We tend to think of discipleship as something huge, something way beyond us. But every one of us is called to take it up. As Saint Teresa of Calcutta once wrote, “Very humble work, that is where you and I must be. For there are many people who can do big things. But there are very few people who can do the small things.” Maybe our little work won’t change the world, but it can make things better in our small part of the world, and that may be what we’re called to do.

Thank God that we both need and have his presence in our lives, and that he has called us all to share in the work of discipleship in some way.

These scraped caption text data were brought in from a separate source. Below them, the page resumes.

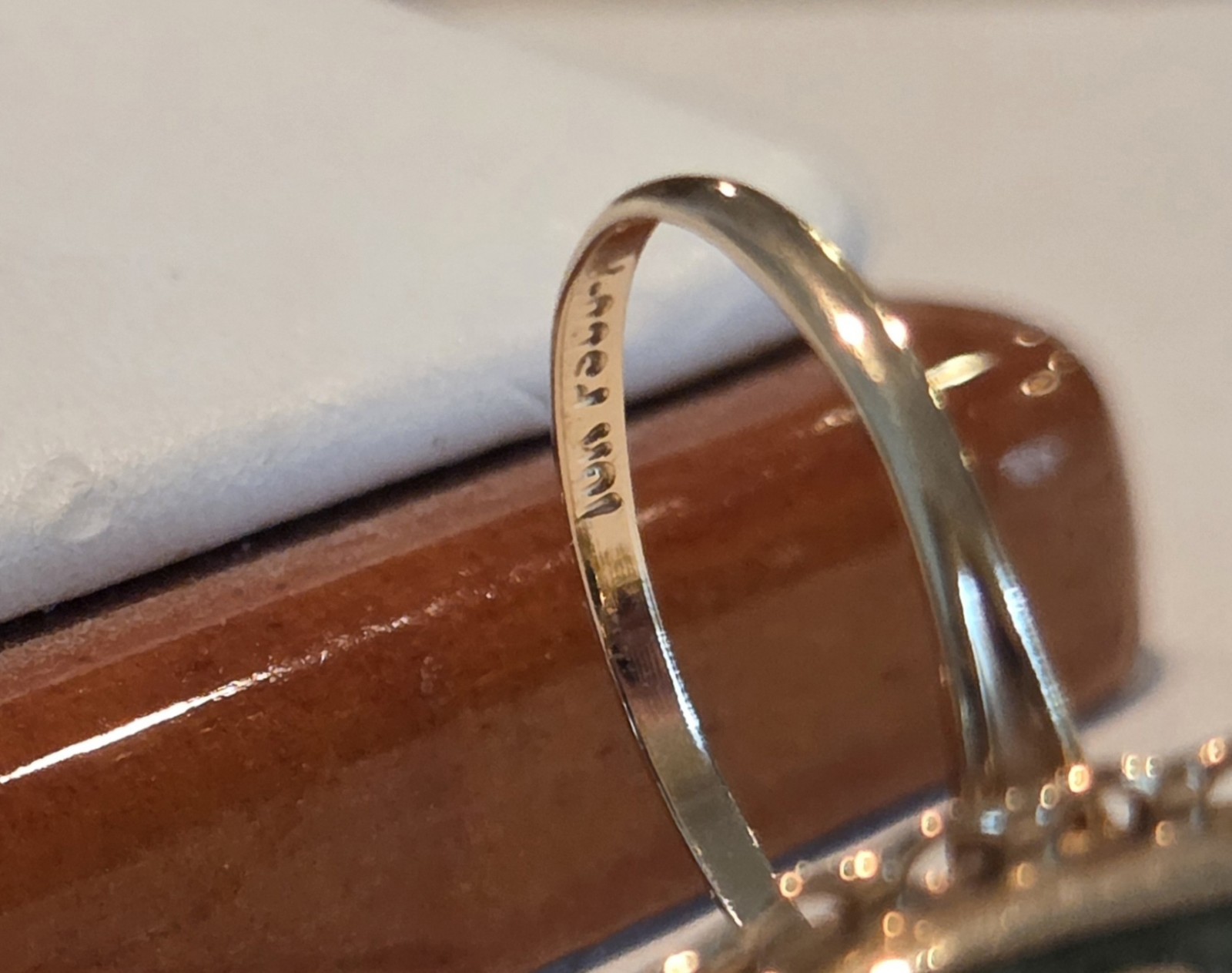 Vintage 10K Yellow Gold College or Sorority Ring 2.7 Grams Size 6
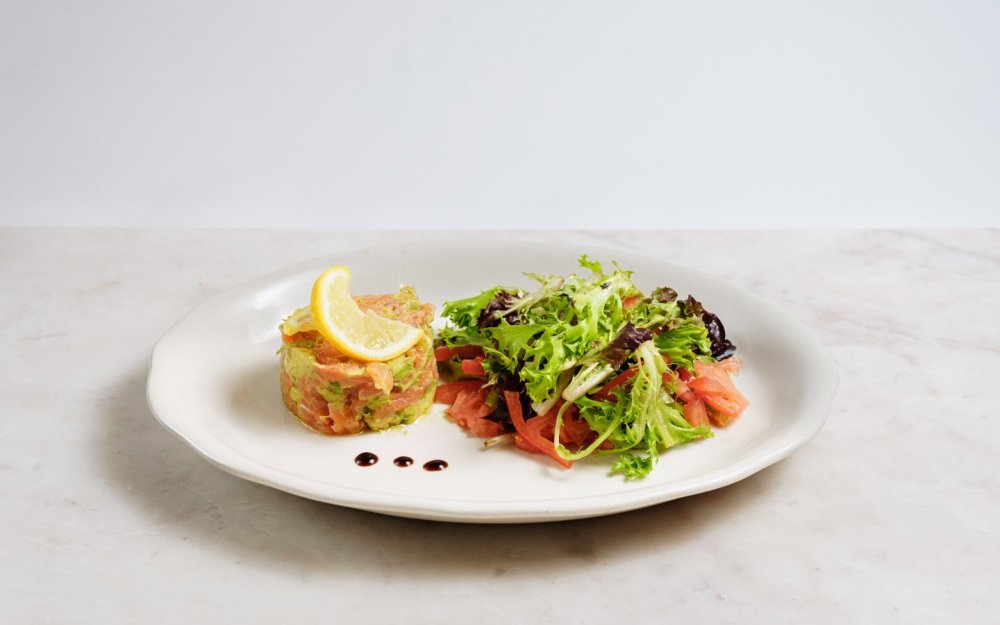 Mixed Greens, Red Onions, Capers, Tomatoes & EVOO.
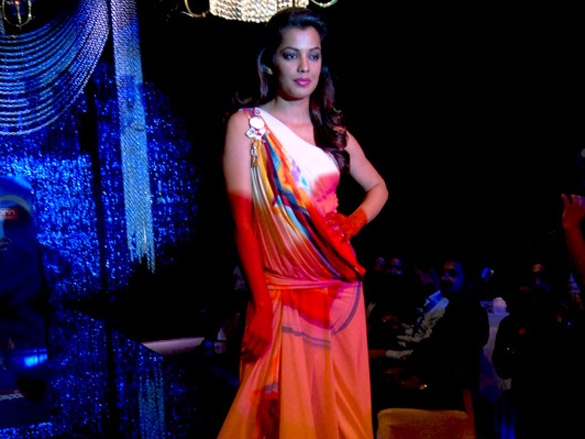 mugdha godse walks for mandira wirk a ipl party 3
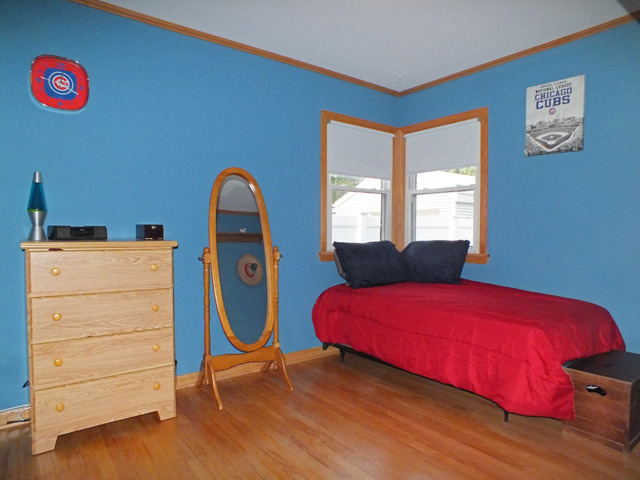 942 E Forest Ave, Des Plaines, IL 60018 photo 15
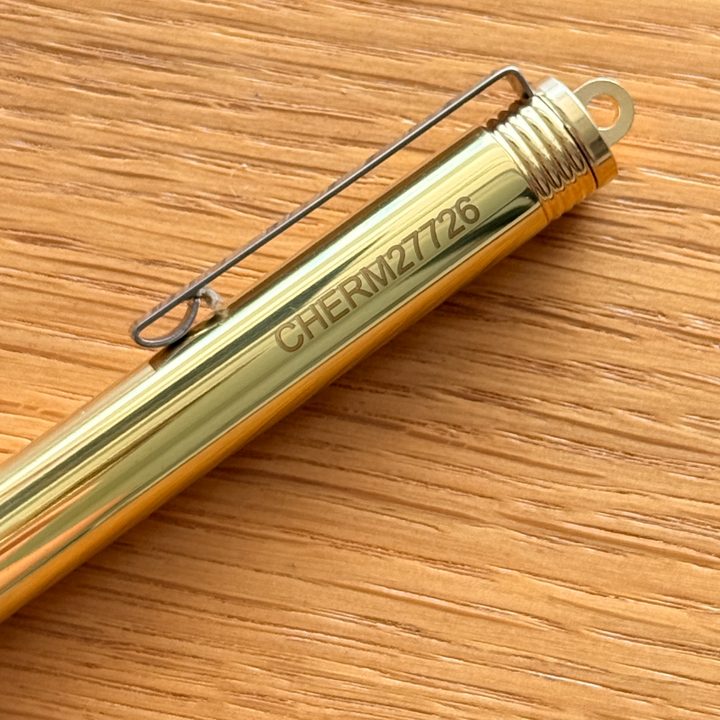 Custom Pen Engraving – Personalised Name Engraving on TRAVELER&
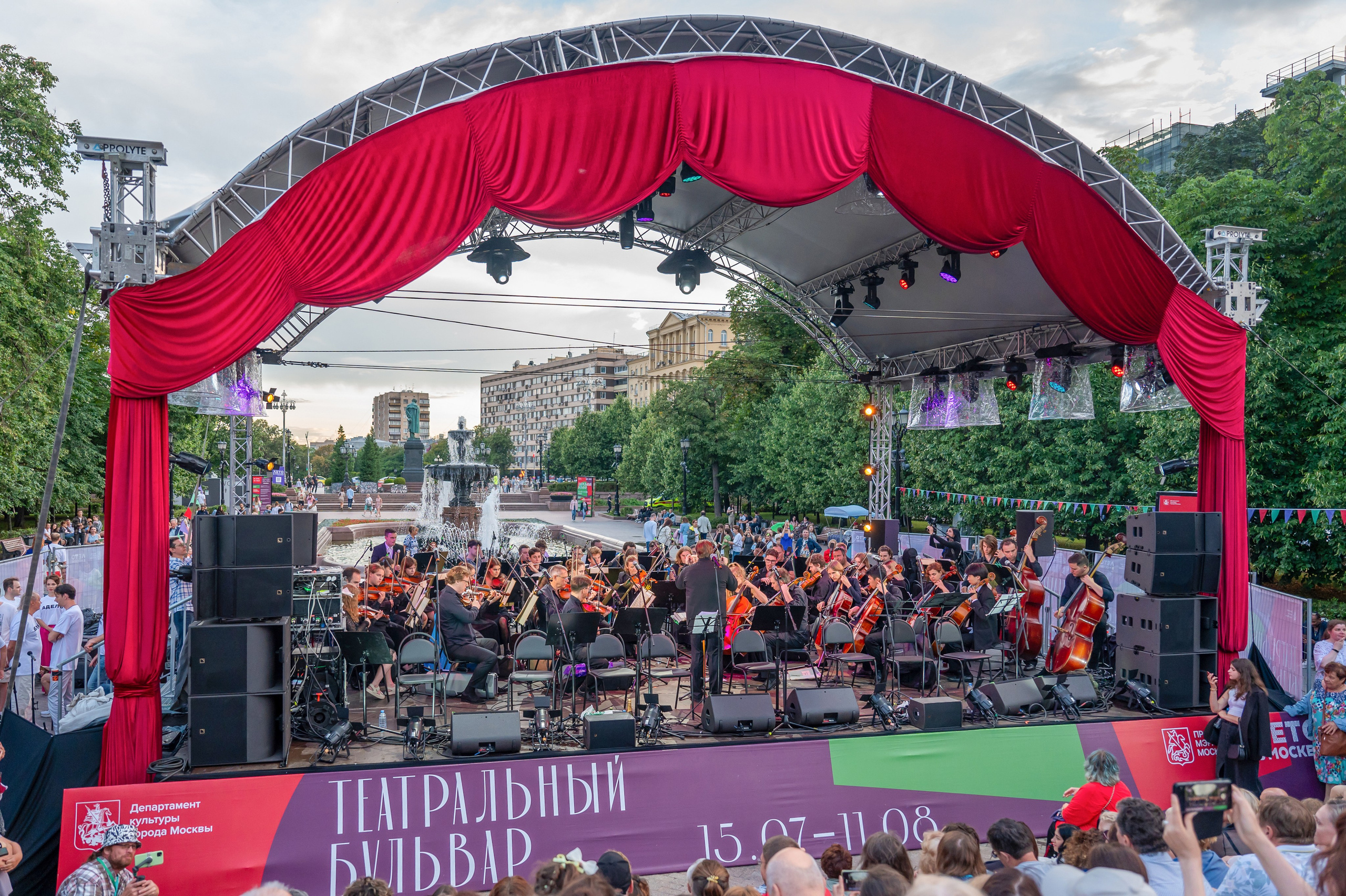 Театральный бульвар 2024. Фотограф Анна Мельникова | Москва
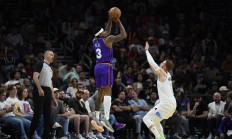 半岛体育亚洲官网-关于猛龙陷入连败泥潭，主帅怒斥球员状态不佳的信息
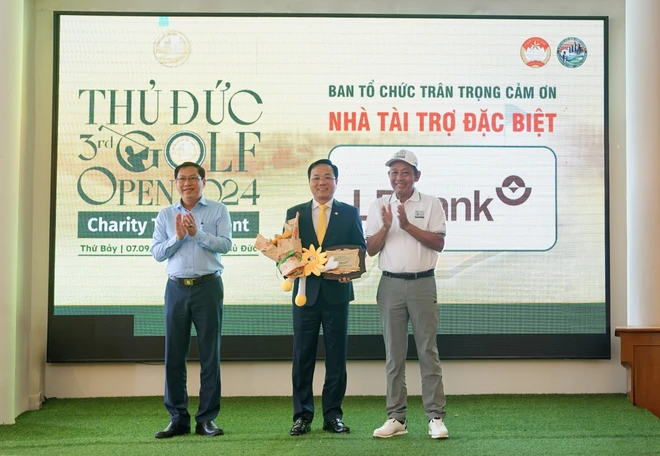 Ông Hoàng Văn Phúc – Phó Tổng Giám đốc LPBank nhận hoa tri ân nhà trài trợ từ nguyên Phó Thủ tướng Trương Hoà Bình (phải) và ông Trần Hữu Phước (trái), Chủ tịch Ủy ban Mặt trận Tổ quốc Việt Nam thành phố Thủ Đức. (Ảnh: Vietnam+)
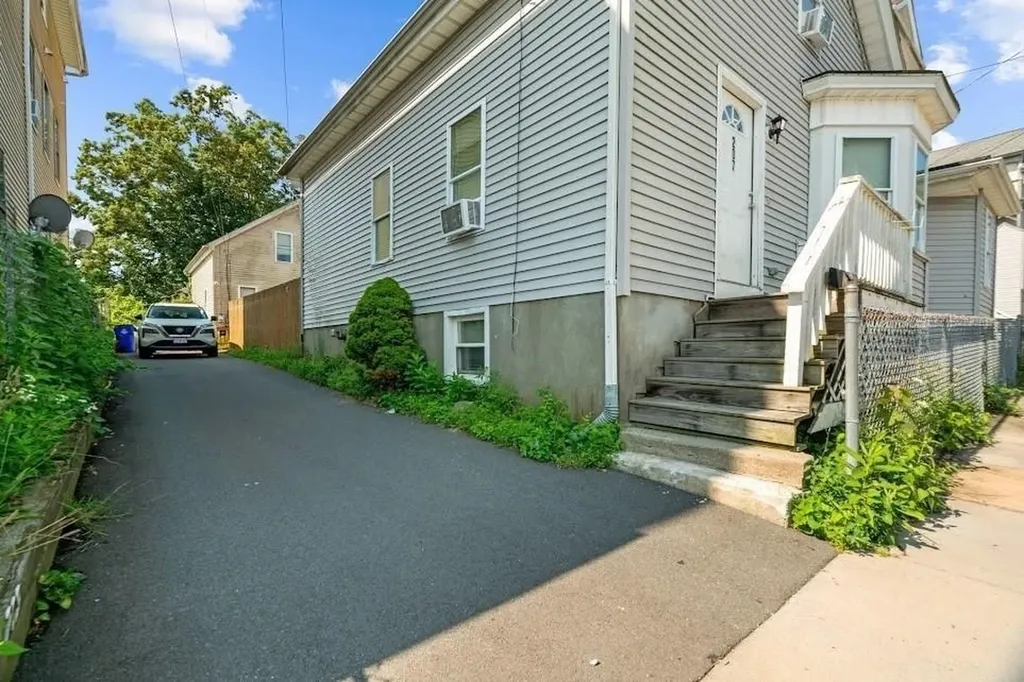 207 Buffinton Street Fall River MA 02721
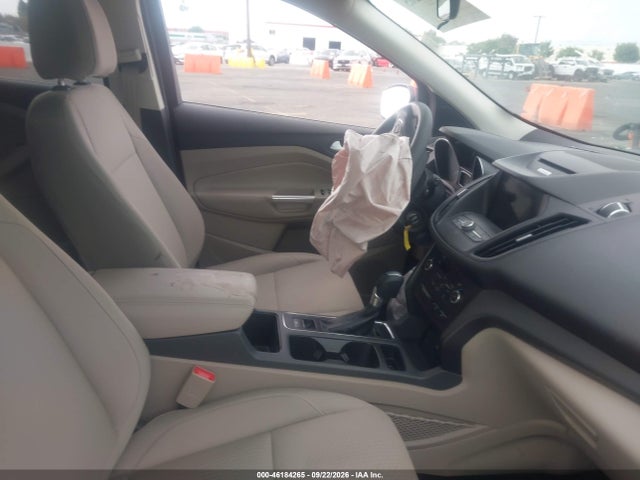 Ford ESCAPE SE 2017 1FMCU0G9XHUE96768 Image 5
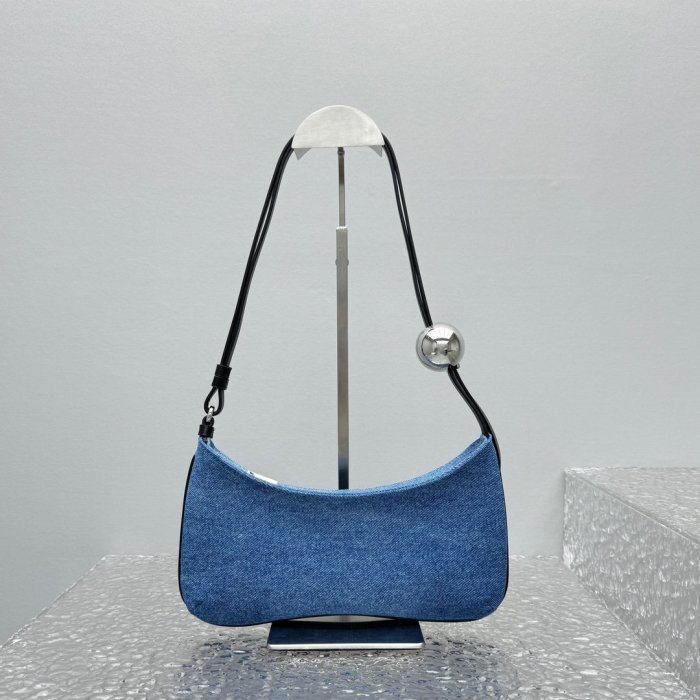 A bag women's Jacquemus̶ Le Bisou 27 cm фото 4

The Fourteenth Sunday of Ordinary Time

Today’s readings

So Jesus’ ministry is ramping up into full gear. In order to prepare the places he intends to visit, he sends out seventy-two disciples, in pairs, to prepare the way. They are going to do some of the same things he will do: curing the sick, healing the broken, and preaching the Kingdom of God, with its call to repentance. This is the third Luminous Mystery of the Rosary. They have great success because Jesus prepares them in advance and gives them advice about how to be good disciples.

And when we come to that advice, that should be a red flag. This story, nice as it is, is not about just those seventy-two. It is about all of us. Because, at our baptism, we too have been sent out on mission. We too are called to bring healing to a broken world, and to proclaim the Kingdom of God. That Kingdom is here and now, and it is urgent that people come to enter into it.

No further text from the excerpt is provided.